**To do**
Give the number of lines in the records below that include the word "Cotton", and add nothing to it.

**Working data**
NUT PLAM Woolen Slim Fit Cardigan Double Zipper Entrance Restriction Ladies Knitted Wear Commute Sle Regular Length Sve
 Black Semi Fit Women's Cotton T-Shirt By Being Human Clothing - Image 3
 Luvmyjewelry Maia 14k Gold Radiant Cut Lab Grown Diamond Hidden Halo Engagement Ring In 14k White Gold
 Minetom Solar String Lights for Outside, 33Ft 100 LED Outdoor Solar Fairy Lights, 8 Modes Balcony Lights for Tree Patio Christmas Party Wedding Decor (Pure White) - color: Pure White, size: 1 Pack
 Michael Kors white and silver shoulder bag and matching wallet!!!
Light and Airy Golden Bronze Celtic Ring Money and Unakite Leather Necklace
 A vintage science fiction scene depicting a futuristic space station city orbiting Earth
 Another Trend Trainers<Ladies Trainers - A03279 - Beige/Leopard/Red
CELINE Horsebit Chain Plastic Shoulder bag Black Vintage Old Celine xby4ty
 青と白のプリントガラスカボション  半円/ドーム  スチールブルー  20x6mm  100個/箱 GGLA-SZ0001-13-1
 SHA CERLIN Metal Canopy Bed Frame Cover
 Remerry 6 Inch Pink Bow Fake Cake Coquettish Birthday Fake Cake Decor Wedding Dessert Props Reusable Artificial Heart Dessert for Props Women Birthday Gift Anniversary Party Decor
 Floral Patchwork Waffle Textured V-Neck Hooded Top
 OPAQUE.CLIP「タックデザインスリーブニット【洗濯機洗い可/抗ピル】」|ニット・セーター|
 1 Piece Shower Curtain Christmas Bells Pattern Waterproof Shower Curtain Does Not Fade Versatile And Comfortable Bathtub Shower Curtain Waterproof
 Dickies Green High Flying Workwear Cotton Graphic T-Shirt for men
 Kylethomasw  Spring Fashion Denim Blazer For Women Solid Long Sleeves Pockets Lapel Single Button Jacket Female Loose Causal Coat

**Exercise response**
2